Aim of the task: Because the copy must hold no pictures, return the data below with all of its words intact.
(Beginning of Given records)
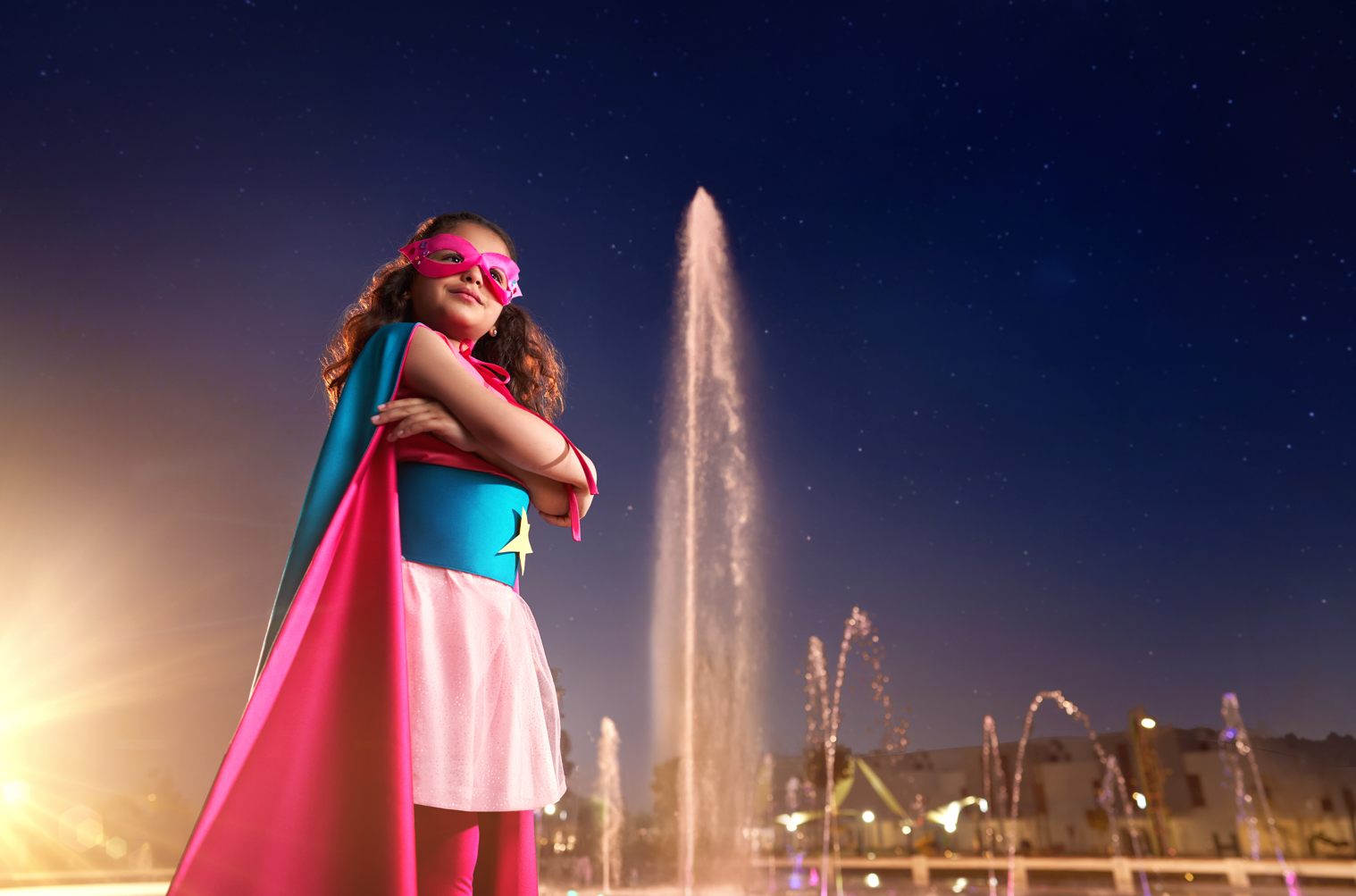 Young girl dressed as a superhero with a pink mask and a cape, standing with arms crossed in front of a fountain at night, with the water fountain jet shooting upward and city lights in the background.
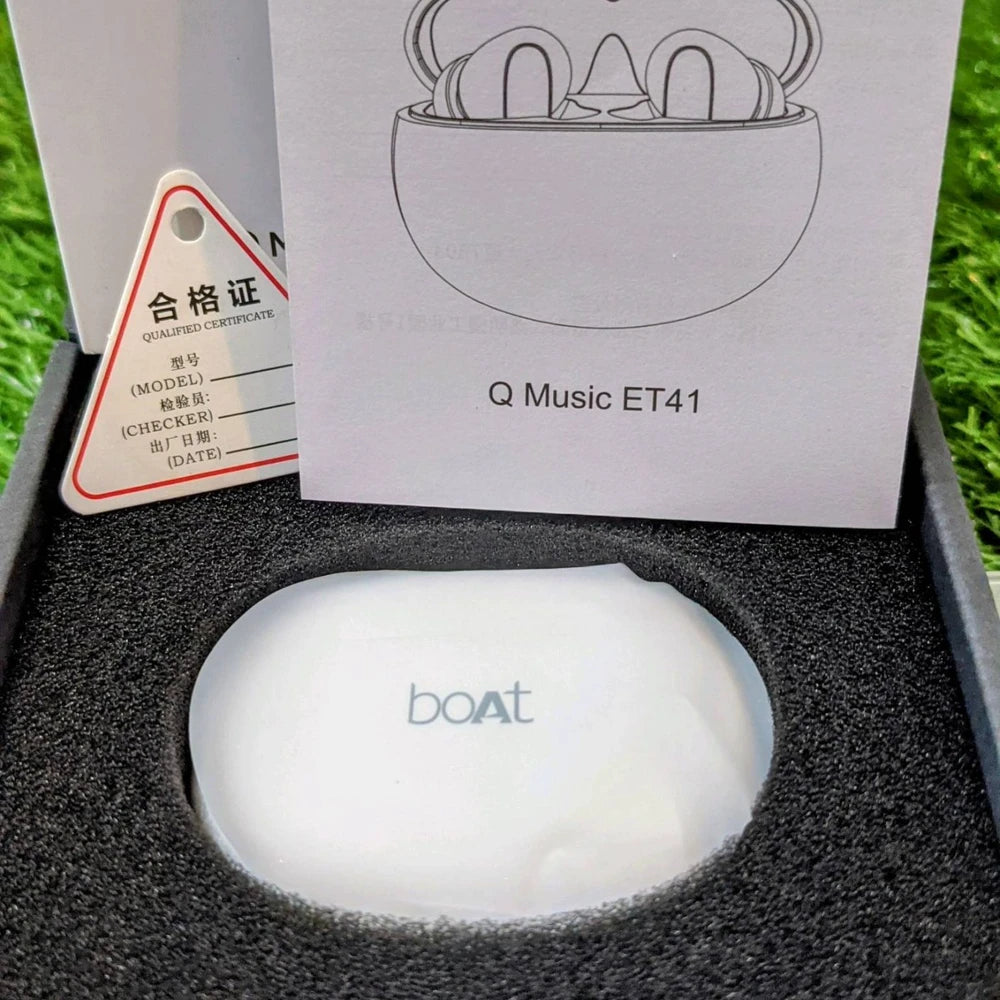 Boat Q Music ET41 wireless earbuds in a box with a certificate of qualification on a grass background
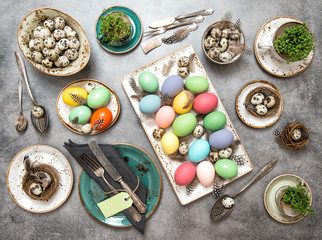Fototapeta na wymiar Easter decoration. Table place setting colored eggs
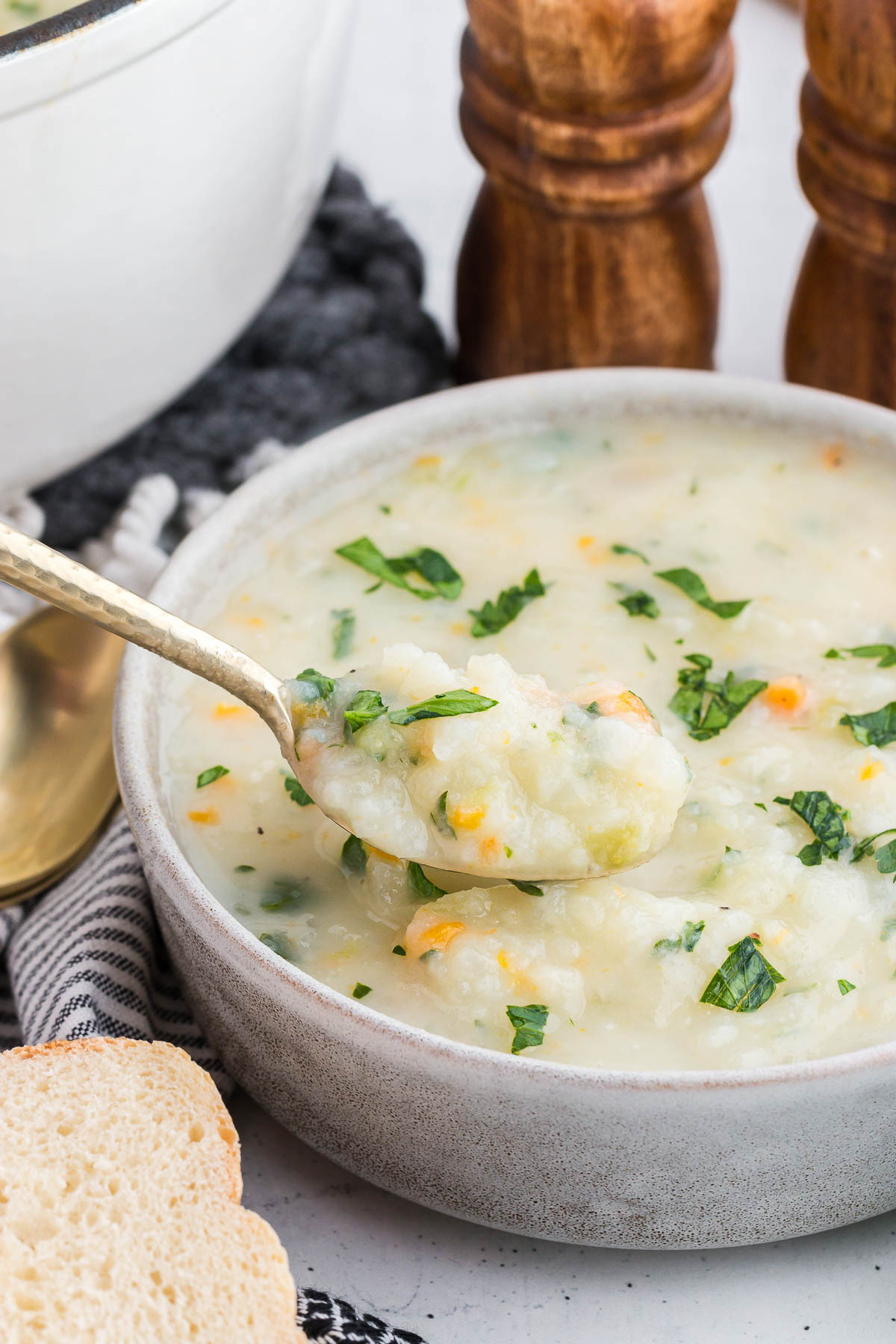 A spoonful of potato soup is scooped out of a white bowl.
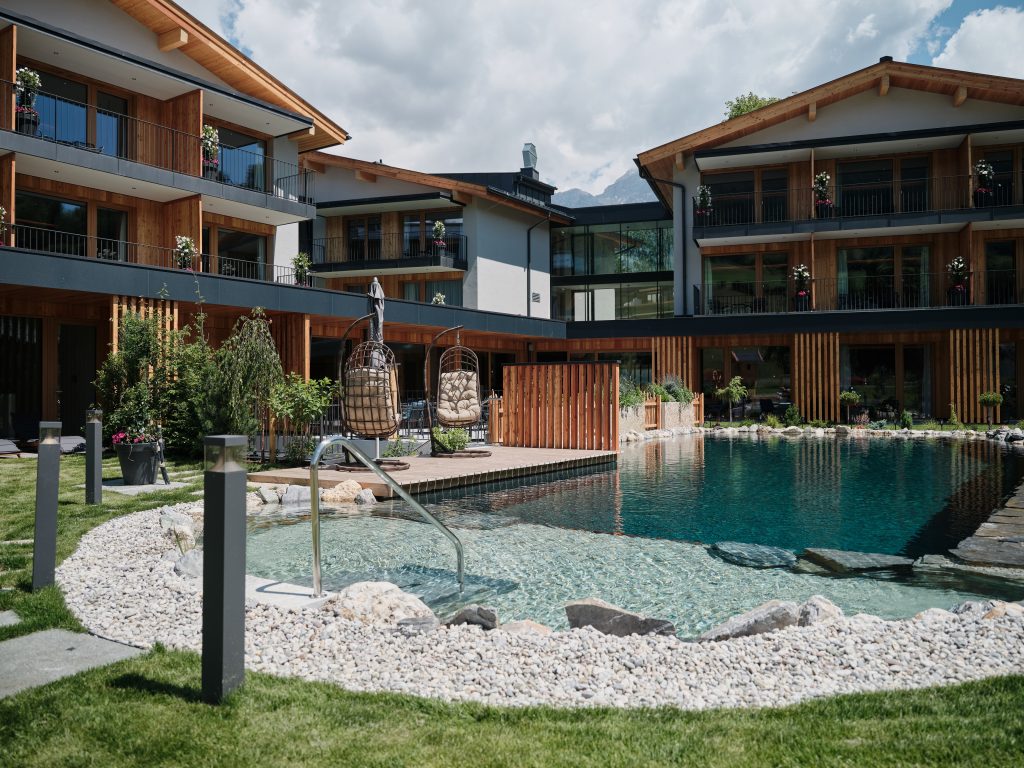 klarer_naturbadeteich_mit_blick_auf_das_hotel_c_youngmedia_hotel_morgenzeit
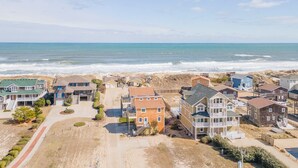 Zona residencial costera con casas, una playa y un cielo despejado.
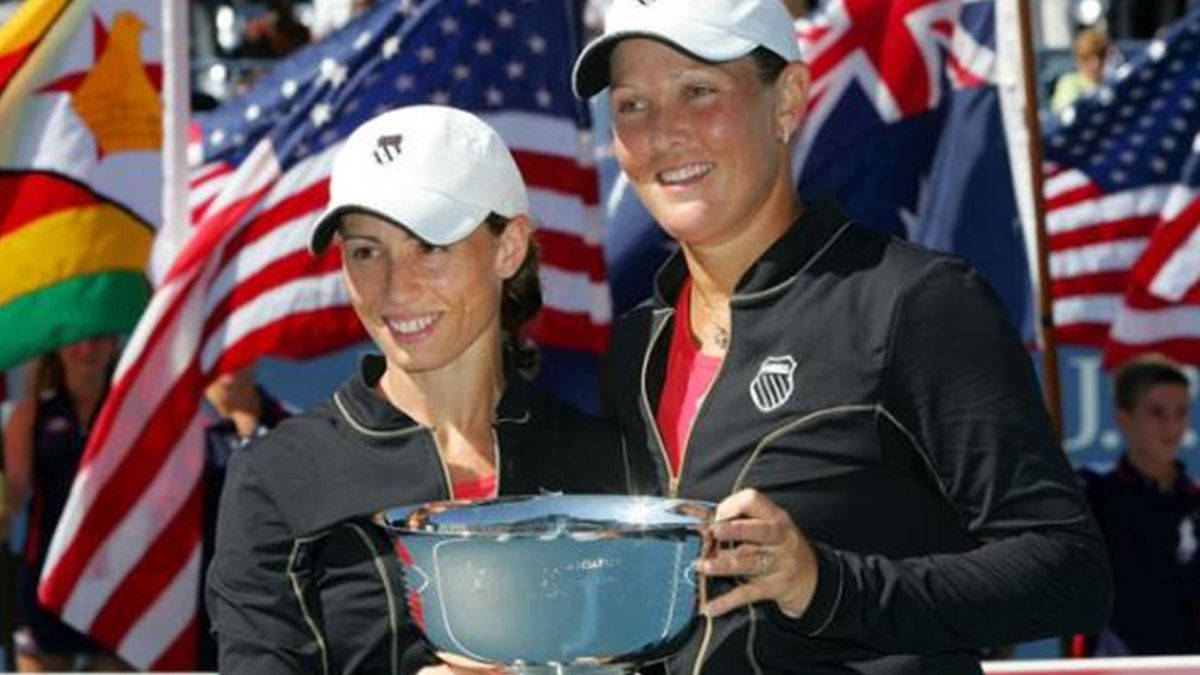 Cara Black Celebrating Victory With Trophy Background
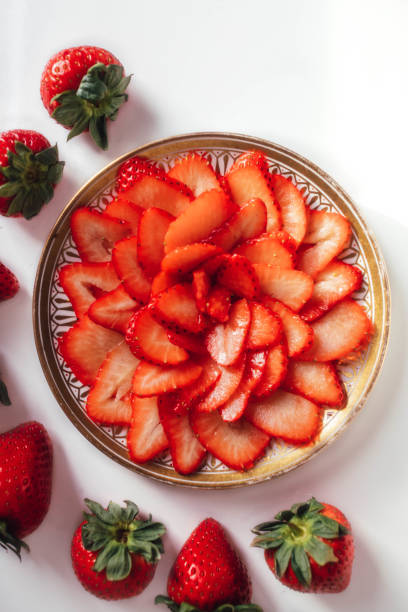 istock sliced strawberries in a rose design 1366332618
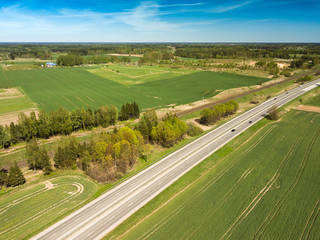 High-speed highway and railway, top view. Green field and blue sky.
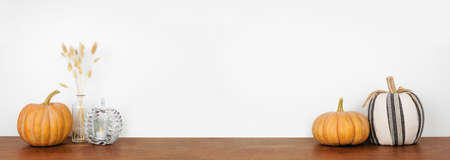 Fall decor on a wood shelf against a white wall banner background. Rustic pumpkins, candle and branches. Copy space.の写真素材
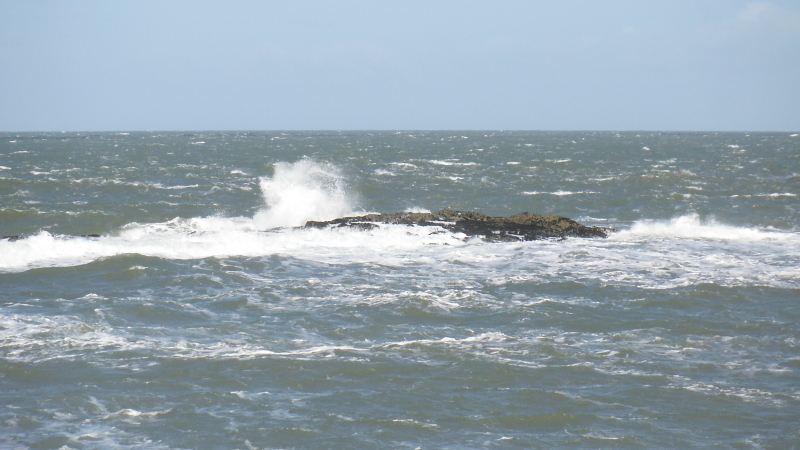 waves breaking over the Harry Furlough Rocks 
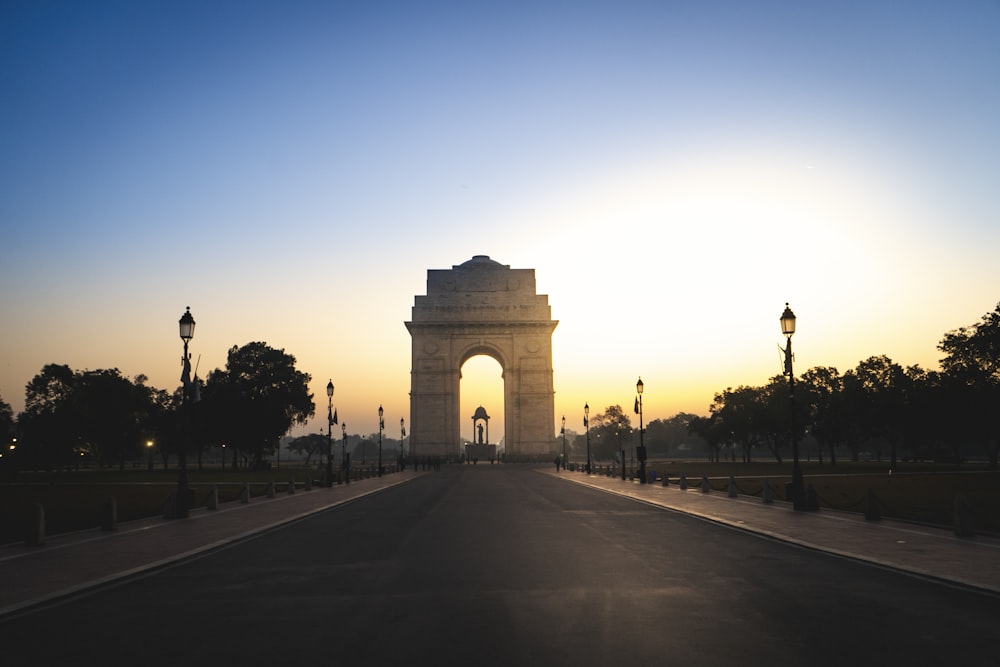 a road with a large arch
(End of Given records)
Solution to this exercise:
 Young girl dressed as a superhero with a pink mask and a cape, standing with arms crossed in front of a fountain at night, with the water fountain jet shooting upward and city lights in the background.
 Boat Q Music ET41 wireless earbuds in a box with a certificate of qualification on a grass background
Fototapeta na wymiar Easter decoration. Table place setting colored eggs
 A spoonful of potato soup is scooped out of a white bowl.
 klarer_naturbadeteich_mit_blick_auf_das_hotel_c_youngmedia_hotel_morgenzeit
 Zona residencial costera con casas, una playa y un cielo despejado.
 Cara Black Celebrating Victory With Trophy Background
 istock sliced strawberries in a rose design 1366332618
 High-speed highway and railway, top view. Green field and blue sky.
 Fall decor on a wood shelf against a white wall banner background. Rustic pumpkins, candle and branches. Copy space.の写真素材
 waves breaking over the Harry Furlough Rocks 
 a road with a large arch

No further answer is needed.